[About this exercise] Give back, word for word, the lines in the listing below from the one holding "ジェシー / 高地優吾 切り抜きのサムネイル" down to the one holding "Мошкова, Татьяна Владимировна.", both ends included.

[Given data]

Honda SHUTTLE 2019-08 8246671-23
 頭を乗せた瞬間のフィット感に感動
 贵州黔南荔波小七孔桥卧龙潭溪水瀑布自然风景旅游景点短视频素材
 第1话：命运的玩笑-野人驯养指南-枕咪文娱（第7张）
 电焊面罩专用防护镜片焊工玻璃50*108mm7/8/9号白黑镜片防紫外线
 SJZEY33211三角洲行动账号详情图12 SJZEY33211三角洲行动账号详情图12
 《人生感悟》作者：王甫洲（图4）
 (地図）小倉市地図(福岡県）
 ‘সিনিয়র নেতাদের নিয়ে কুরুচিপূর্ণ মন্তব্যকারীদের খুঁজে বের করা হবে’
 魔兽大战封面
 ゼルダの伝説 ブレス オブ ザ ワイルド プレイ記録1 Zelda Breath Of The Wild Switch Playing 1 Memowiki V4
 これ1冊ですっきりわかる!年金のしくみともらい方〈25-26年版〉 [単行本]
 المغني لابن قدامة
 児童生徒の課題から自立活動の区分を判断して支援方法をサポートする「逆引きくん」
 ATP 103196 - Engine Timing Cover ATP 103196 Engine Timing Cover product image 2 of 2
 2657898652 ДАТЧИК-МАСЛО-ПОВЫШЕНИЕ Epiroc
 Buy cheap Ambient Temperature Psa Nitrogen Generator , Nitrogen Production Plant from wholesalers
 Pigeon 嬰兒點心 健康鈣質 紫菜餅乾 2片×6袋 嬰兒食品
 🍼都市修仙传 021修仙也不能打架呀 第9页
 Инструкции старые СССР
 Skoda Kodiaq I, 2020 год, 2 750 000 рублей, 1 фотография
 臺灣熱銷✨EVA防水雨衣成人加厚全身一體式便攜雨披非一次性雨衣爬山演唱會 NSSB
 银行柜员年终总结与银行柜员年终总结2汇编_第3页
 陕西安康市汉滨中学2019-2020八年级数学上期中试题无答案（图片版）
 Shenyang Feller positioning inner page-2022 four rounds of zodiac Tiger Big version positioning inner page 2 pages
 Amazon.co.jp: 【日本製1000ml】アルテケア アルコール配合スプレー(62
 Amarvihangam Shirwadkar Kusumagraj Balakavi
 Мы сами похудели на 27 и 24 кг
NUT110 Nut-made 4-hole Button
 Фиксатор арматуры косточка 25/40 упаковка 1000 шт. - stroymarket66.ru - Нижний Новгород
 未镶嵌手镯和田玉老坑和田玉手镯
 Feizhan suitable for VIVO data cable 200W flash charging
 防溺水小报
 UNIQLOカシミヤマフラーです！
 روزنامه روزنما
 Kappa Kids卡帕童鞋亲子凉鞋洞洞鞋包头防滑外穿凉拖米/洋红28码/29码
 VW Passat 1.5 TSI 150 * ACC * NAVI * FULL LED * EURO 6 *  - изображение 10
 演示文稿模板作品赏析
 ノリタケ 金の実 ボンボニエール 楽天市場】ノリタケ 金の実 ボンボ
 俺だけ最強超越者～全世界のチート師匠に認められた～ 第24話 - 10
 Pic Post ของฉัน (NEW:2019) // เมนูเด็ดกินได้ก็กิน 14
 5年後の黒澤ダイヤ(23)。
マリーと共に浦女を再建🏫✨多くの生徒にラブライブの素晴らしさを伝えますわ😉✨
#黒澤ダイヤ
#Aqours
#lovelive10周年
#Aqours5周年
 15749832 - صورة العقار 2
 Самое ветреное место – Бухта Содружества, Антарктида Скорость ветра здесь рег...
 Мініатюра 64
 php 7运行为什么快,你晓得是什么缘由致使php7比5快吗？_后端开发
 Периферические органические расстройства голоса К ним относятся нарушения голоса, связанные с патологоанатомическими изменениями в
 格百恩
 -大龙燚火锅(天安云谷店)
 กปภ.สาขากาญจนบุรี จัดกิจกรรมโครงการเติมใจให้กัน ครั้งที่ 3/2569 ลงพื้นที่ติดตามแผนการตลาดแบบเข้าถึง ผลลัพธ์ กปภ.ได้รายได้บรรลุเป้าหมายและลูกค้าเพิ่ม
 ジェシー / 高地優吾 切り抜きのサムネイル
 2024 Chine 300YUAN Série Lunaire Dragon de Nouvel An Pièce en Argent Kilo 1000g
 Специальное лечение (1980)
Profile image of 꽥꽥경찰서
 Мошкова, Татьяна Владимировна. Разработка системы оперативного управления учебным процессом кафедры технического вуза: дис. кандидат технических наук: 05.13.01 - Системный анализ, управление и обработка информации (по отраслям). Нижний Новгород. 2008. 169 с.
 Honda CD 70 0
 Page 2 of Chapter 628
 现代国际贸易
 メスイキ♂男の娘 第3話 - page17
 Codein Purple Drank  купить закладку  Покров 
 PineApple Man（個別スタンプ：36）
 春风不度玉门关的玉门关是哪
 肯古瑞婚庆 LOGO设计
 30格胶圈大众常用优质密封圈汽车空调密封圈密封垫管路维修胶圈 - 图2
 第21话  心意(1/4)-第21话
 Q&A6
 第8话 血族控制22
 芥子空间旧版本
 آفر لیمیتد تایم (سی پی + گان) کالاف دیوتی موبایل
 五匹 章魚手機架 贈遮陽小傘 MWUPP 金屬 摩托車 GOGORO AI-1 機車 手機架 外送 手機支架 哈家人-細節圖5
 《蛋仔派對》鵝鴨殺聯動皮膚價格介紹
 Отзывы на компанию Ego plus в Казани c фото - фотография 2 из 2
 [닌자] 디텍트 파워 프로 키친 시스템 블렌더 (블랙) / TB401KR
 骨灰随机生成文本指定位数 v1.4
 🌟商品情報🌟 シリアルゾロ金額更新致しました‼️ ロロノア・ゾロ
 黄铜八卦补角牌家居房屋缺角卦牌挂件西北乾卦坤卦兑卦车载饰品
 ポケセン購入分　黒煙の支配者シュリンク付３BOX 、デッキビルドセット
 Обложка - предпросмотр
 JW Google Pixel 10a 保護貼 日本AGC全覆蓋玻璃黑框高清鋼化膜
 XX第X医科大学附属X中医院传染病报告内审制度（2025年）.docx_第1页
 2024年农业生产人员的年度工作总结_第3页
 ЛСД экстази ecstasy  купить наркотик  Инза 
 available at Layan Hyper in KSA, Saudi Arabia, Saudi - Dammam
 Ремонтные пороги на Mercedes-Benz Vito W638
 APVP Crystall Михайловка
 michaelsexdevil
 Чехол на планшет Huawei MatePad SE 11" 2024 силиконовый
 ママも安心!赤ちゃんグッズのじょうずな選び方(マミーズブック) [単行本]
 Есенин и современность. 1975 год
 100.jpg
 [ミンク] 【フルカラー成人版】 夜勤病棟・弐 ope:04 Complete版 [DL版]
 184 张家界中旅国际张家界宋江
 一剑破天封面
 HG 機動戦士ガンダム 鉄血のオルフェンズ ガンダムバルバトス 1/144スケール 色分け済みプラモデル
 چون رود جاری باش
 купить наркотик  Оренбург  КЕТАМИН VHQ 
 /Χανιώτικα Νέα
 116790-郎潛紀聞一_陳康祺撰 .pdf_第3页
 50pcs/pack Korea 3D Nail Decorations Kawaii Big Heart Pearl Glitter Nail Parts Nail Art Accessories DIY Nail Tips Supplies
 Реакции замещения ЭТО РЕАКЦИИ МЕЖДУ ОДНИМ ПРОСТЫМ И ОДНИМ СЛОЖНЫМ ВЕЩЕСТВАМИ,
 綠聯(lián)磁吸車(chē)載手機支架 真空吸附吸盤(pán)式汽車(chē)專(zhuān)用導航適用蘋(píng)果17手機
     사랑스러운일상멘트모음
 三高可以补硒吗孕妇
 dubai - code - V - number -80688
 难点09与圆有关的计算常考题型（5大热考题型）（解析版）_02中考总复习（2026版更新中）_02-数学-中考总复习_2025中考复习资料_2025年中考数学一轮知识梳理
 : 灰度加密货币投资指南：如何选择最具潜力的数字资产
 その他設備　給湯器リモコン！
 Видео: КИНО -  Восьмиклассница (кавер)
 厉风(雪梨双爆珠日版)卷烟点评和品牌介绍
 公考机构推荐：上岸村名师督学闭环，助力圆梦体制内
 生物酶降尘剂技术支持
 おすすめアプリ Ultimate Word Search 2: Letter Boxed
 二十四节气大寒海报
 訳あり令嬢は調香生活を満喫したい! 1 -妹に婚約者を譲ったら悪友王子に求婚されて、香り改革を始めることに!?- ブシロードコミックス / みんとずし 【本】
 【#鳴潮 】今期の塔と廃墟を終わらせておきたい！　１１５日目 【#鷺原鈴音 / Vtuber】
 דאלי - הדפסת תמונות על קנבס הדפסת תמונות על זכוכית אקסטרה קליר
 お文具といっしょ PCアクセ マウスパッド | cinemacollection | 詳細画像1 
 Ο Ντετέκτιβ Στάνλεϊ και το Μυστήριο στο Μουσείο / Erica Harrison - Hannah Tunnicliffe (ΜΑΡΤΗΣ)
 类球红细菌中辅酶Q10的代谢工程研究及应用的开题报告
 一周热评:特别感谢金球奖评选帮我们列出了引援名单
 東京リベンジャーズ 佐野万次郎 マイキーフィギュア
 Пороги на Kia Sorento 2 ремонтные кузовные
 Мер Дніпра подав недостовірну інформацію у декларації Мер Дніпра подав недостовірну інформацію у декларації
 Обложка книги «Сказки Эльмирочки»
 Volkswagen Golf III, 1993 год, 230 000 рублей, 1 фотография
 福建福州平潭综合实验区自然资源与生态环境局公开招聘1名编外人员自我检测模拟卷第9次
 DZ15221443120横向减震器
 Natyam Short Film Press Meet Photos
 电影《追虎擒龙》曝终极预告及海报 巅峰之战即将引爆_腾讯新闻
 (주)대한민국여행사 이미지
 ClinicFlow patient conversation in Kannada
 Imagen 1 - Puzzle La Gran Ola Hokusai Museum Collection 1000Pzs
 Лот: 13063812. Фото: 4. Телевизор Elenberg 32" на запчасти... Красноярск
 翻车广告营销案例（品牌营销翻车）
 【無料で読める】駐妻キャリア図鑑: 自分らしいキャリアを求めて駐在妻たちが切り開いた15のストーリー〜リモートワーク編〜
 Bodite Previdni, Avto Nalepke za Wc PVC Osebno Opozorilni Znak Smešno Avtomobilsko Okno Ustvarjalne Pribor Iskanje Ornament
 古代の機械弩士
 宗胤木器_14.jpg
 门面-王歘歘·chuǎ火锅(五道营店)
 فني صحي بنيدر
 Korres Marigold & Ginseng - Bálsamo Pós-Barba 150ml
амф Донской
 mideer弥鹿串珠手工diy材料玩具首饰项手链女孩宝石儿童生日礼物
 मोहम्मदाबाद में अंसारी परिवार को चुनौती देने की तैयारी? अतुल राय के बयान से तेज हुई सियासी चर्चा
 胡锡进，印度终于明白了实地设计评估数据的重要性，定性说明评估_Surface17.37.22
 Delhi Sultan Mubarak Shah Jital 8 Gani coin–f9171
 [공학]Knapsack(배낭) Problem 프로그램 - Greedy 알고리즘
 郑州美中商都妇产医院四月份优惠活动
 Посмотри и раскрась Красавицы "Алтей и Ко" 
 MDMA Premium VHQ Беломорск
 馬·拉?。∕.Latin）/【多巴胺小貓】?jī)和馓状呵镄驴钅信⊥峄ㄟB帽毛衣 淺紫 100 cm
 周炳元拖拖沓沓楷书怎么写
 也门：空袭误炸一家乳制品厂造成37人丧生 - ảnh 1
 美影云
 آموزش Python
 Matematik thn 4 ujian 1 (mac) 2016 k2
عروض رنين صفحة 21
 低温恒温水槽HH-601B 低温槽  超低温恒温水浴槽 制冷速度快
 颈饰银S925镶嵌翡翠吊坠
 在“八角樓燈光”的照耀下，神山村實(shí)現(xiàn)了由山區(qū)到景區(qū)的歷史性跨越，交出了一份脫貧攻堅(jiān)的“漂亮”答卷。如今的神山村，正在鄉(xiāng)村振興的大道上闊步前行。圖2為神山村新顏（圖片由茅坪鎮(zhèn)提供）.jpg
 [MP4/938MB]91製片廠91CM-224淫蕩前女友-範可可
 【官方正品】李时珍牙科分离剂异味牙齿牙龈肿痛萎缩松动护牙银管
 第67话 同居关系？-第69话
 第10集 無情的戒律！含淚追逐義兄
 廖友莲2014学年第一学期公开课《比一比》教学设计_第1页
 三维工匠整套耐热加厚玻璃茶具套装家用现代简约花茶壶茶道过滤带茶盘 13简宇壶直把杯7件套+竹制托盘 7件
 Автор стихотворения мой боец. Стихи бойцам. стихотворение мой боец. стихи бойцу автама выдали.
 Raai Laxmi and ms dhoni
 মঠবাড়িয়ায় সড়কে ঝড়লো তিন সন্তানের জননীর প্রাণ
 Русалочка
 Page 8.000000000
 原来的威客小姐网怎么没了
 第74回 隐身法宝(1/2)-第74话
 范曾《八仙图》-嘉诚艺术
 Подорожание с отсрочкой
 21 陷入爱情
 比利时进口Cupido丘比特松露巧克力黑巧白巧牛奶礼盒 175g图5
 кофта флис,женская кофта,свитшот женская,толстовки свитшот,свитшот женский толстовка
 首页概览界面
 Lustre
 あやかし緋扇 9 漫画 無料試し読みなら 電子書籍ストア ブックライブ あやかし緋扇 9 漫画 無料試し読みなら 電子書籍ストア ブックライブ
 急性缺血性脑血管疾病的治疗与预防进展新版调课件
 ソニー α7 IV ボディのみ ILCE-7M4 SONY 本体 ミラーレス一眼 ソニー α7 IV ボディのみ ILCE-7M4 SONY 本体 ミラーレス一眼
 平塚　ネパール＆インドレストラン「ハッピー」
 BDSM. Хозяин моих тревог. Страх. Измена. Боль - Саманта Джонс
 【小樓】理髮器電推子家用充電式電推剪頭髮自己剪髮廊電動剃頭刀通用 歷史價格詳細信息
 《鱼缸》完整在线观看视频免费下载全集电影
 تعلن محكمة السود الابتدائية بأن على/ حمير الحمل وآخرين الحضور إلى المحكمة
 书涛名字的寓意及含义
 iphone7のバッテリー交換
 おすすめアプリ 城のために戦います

[Result of the exercise]
 ジェシー / 高地優吾 切り抜きのサムネイル
 2024 Chine 300YUAN Série Lunaire Dragon de Nouvel An Pièce en Argent Kilo 1000g
 Специальное лечение (1980)
Profile image of 꽥꽥경찰서
 Мошкова, Татьяна Владимировна. Разработка системы оперативного управления учебным процессом кафедры технического вуза: дис. кандидат технических наук: 05.13.01 - Системный анализ, управление и обработка информации (по отраслям). Нижний Новгород. 2008. 169 с.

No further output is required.